*What you should do*:
Omit any picture, and return the remaining data exactly as written.

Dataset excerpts
==========
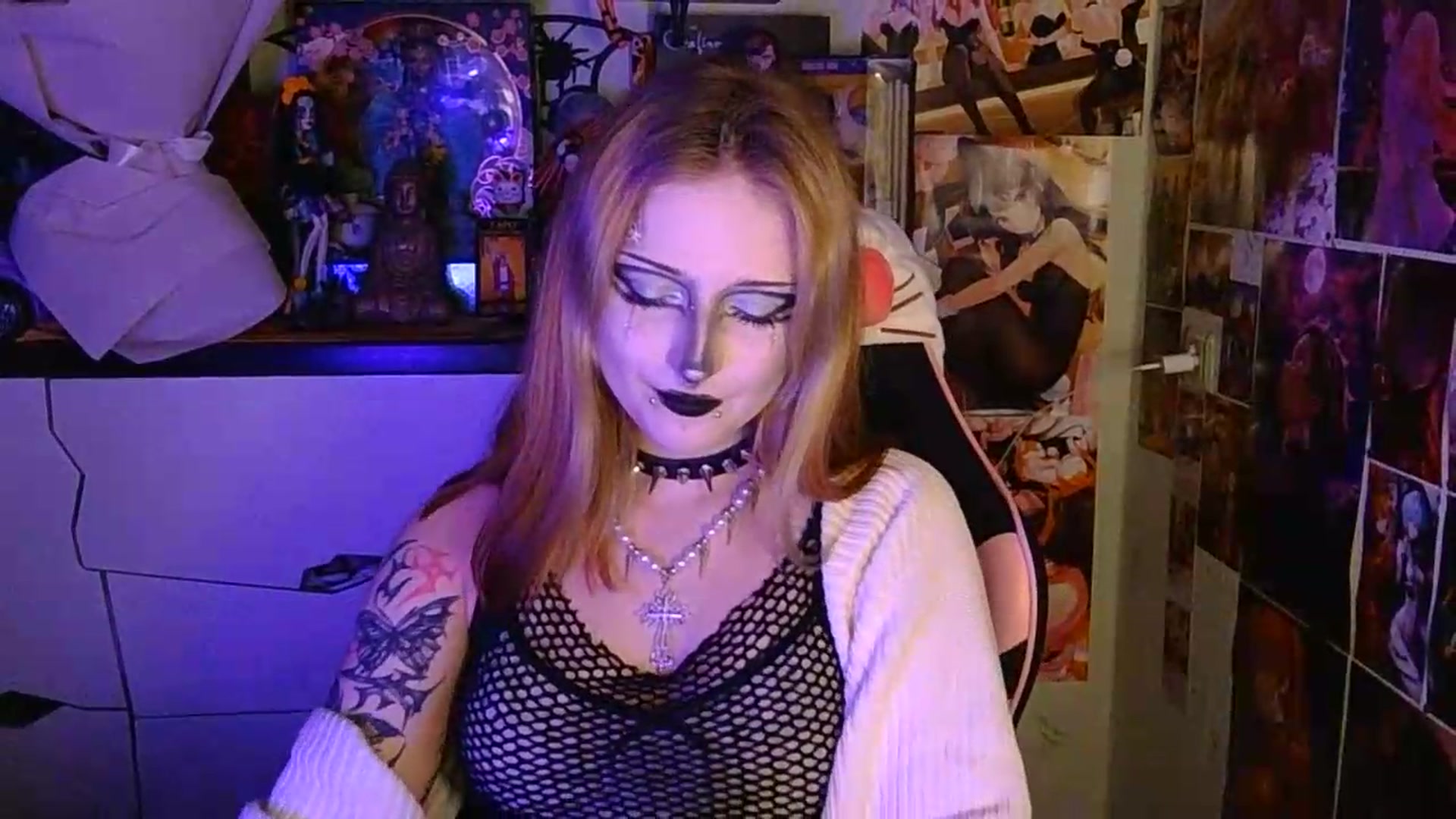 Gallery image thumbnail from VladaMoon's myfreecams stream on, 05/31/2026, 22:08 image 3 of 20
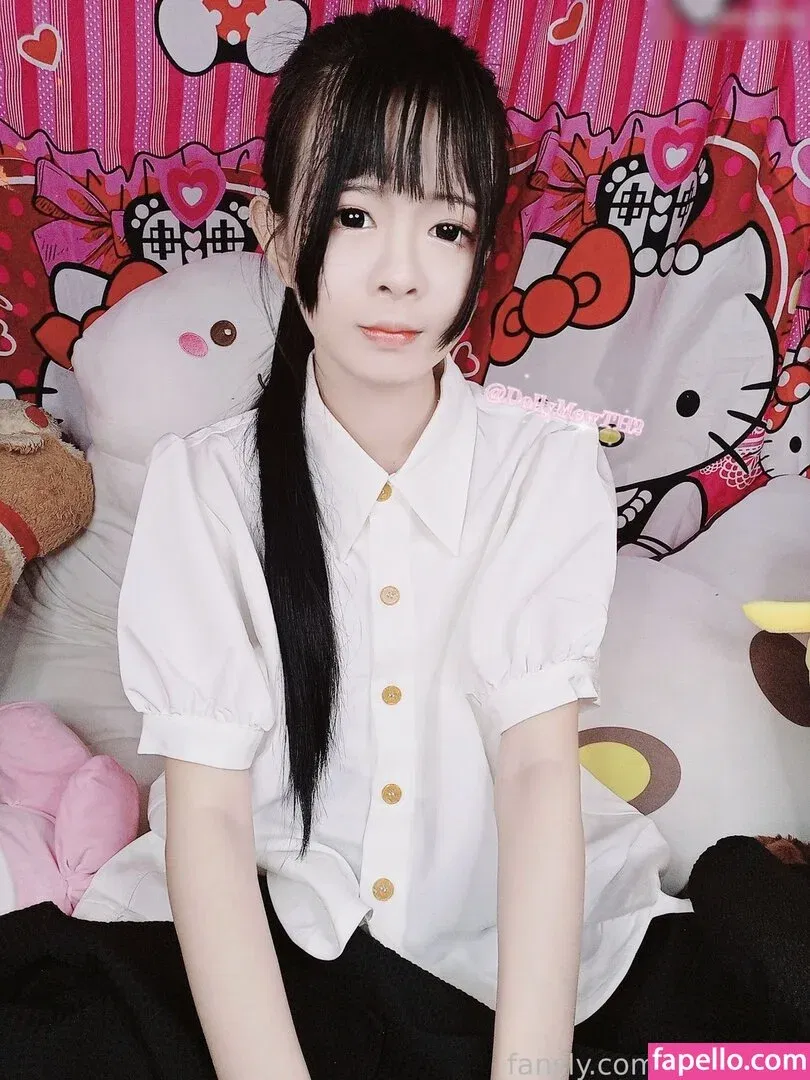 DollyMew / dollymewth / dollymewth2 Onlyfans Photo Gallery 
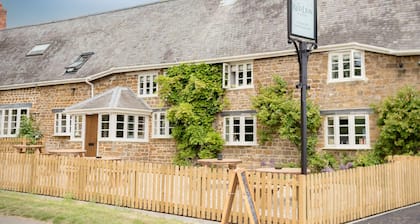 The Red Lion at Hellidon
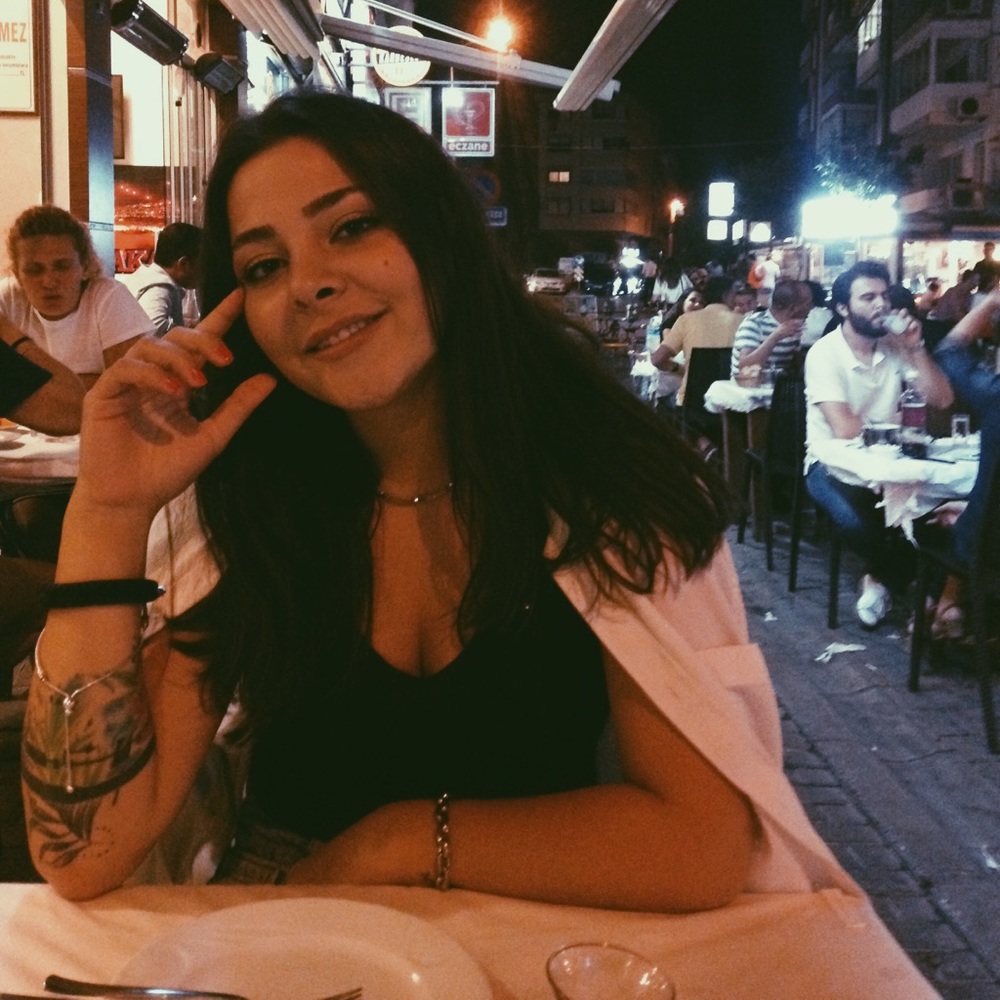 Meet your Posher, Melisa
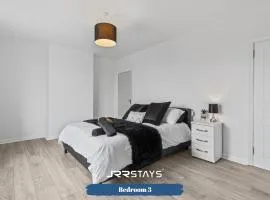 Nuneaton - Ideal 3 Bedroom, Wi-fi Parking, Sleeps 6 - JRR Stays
==========
*Expected answer*:
 Gallery image thumbnail from VladaMoon's myfreecams stream on, 05/31/2026, 22:08 image 3 of 20
 DollyMew / dollymewth / dollymewth2 Onlyfans Photo Gallery 
 The Red Lion at Hellidon
 Meet your Posher, Melisa
 Nuneaton - Ideal 3 Bedroom, Wi-fi Parking, Sleeps 6 - JRR Stays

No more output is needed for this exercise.